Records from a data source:

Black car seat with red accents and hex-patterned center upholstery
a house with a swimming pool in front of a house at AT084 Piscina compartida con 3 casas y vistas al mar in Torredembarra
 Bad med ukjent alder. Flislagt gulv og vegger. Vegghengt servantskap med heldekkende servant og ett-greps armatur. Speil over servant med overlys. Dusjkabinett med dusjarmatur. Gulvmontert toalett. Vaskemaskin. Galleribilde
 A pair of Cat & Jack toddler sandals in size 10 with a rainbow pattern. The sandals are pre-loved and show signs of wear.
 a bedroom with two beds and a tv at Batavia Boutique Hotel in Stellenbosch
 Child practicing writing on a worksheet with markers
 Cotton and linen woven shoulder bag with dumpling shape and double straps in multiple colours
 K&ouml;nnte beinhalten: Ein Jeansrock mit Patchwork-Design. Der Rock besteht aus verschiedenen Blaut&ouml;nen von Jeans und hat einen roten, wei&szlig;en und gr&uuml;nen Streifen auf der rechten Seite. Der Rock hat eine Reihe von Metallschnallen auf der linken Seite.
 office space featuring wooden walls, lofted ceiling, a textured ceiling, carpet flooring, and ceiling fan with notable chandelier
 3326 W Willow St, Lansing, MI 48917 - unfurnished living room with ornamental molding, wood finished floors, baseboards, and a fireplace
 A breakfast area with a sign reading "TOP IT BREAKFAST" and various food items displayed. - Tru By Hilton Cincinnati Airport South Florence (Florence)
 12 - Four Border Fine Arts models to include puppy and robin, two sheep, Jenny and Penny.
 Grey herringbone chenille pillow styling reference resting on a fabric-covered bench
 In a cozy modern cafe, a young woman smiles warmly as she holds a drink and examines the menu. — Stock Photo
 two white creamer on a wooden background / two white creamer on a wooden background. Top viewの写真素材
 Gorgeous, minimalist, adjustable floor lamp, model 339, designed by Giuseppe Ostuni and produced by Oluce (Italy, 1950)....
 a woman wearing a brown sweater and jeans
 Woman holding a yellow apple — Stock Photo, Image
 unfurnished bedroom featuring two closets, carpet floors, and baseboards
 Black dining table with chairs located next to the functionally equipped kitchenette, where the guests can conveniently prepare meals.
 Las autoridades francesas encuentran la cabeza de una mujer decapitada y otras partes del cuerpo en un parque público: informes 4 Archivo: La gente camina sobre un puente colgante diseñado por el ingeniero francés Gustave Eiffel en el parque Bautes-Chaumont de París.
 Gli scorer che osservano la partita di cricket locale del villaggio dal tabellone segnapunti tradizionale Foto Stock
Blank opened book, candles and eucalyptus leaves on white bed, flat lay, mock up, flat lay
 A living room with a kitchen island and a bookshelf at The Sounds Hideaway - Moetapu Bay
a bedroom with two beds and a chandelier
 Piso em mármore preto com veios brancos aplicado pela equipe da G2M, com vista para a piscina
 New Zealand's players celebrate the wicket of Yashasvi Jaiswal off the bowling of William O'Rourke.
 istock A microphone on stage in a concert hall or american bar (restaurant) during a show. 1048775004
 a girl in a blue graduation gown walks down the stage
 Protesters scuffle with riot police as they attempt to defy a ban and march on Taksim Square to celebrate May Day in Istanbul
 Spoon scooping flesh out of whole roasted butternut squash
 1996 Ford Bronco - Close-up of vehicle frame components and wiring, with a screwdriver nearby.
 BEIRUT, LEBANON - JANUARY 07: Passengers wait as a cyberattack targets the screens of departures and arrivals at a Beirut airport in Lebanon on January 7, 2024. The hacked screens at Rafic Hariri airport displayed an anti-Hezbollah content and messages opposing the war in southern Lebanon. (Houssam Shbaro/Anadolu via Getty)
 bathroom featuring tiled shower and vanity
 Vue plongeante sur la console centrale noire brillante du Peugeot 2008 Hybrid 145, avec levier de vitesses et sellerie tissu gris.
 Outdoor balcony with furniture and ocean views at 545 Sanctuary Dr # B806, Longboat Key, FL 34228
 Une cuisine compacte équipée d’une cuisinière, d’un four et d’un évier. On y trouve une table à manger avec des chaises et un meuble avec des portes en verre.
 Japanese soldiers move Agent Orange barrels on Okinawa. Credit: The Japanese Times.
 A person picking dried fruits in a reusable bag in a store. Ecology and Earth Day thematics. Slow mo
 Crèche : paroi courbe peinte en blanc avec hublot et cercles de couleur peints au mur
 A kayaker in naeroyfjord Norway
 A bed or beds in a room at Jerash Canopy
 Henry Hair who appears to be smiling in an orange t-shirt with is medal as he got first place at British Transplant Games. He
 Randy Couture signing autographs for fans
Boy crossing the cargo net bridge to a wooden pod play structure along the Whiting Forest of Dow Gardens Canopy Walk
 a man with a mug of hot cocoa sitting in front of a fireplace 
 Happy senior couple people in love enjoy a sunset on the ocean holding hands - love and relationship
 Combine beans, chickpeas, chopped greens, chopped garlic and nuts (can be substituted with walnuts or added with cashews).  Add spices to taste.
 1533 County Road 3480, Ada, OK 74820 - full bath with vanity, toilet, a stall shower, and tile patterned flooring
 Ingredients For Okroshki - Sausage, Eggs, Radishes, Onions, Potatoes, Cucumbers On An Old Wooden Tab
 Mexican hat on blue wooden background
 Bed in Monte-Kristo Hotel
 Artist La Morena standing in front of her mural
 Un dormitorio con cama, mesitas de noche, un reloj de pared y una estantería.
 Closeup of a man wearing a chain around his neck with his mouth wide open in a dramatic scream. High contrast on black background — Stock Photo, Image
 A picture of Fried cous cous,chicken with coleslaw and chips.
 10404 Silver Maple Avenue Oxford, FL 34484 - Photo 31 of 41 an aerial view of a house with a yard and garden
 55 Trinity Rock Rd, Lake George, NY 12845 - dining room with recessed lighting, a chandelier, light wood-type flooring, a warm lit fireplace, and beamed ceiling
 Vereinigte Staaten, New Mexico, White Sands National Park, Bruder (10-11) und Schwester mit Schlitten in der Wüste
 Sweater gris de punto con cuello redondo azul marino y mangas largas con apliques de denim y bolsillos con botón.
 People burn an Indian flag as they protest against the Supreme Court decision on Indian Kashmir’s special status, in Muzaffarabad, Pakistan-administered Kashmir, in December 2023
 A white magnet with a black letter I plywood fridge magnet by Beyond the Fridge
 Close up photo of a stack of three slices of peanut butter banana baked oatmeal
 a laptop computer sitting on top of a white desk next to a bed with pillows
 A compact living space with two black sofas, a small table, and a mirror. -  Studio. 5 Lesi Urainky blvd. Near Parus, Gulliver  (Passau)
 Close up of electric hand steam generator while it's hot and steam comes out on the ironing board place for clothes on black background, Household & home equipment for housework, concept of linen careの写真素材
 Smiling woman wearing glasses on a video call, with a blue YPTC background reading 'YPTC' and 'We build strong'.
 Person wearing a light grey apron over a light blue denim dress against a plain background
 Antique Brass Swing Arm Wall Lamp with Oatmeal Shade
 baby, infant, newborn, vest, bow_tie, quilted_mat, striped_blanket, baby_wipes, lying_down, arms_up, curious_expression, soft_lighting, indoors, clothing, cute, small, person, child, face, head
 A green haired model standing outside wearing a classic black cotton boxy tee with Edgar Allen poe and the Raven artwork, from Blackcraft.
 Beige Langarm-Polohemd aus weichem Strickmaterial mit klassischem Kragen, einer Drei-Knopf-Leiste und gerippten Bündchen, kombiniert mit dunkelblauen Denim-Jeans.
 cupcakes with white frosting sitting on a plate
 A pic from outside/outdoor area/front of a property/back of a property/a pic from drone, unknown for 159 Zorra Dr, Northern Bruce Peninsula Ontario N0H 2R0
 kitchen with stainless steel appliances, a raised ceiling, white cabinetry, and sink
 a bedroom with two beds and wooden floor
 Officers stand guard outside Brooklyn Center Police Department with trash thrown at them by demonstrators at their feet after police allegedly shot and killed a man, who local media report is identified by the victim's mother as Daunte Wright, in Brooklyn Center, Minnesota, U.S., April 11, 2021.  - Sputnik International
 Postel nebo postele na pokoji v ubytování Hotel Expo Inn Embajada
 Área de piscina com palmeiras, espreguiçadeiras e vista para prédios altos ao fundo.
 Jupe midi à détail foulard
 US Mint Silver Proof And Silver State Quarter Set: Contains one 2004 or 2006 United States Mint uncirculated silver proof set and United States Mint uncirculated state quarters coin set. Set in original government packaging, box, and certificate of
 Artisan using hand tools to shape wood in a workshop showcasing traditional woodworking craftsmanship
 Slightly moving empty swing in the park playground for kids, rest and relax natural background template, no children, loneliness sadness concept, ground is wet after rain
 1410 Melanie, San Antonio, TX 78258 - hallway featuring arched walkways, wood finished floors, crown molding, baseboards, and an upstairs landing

▶ _Instructions for the task_
Return verbatim each line from the one that mentions "Área de piscina" to the end of the entries, inclusive.

▶ _Task output_
 Área de piscina com palmeiras, espreguiçadeiras e vista para prédios altos ao fundo.
 Jupe midi à détail foulard
 US Mint Silver Proof And Silver State Quarter Set: Contains one 2004 or 2006 United States Mint uncirculated silver proof set and United States Mint uncirculated state quarters coin set. Set in original government packaging, box, and certificate of
 Artisan using hand tools to shape wood in a workshop showcasing traditional woodworking craftsmanship
 Slightly moving empty swing in the park playground for kids, rest and relax natural background template, no children, loneliness sadness concept, ground is wet after rain
 1410 Melanie, San Antonio, TX 78258 - hallway featuring arched walkways, wood finished floors, crown molding, baseboards, and an upstairs landing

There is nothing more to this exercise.